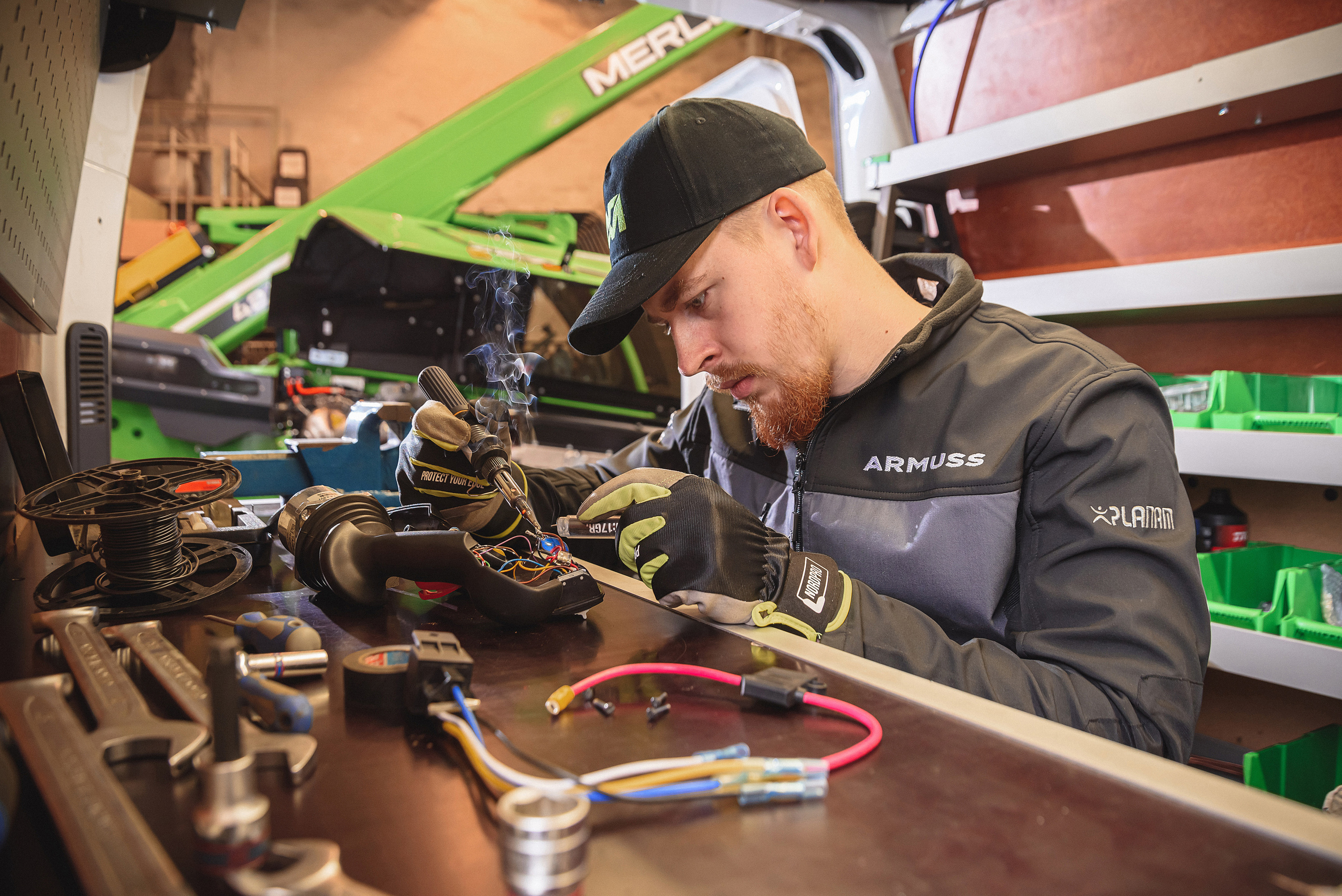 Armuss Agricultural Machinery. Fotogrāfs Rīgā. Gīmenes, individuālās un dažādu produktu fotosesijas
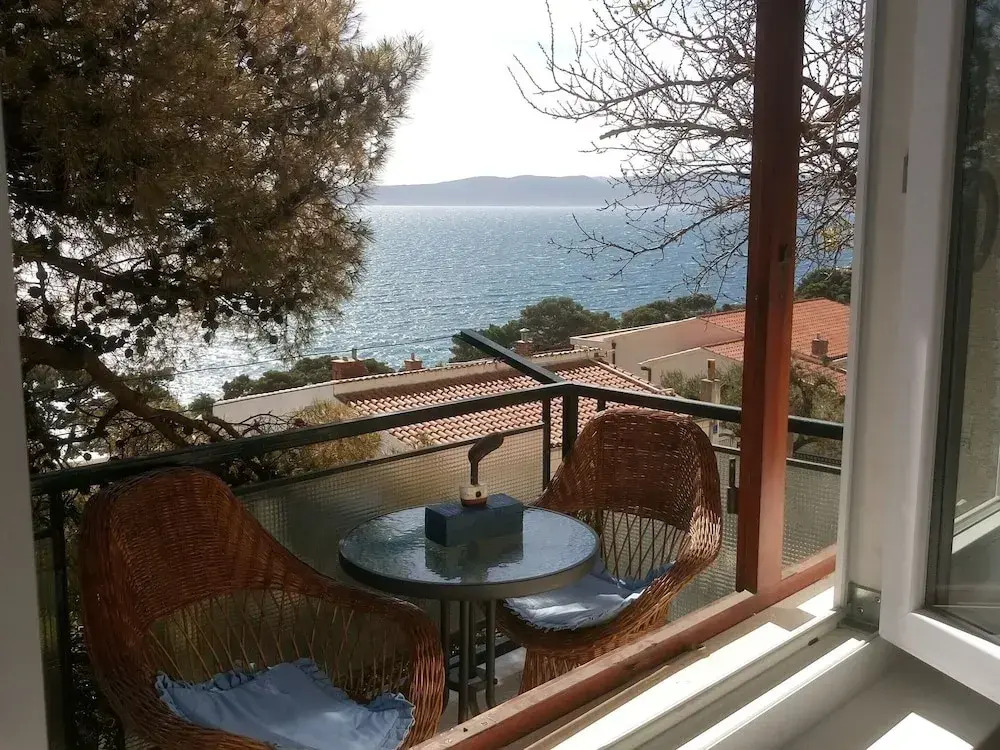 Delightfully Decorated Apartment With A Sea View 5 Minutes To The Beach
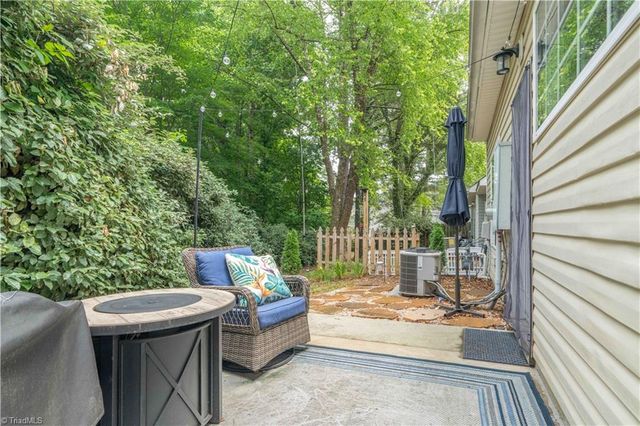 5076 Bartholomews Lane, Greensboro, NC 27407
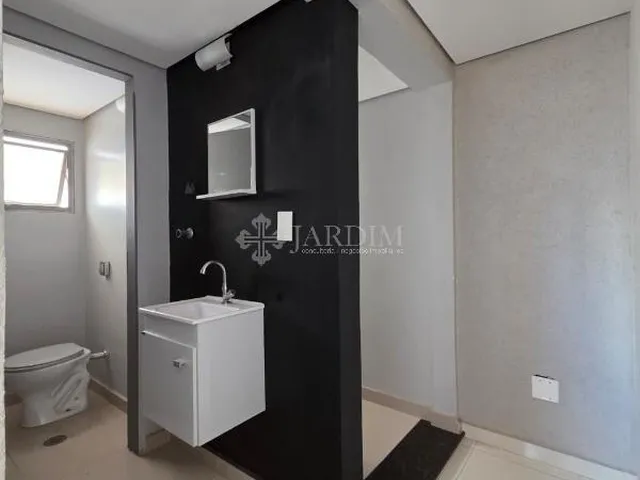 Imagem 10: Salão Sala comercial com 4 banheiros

Try it: Where a picture appears, skip it; repeat everything else in the data exactly.

Written answer:
 Armuss Agricultural Machinery. Fotogrāfs Rīgā. Gīmenes, individuālās un dažādu produktu fotosesijas
 Delightfully Decorated Apartment With A Sea View 5 Minutes To The Beach
 5076 Bartholomews Lane, Greensboro, NC 27407
 Imagem 10: Salão Sala comercial com 4 banheiros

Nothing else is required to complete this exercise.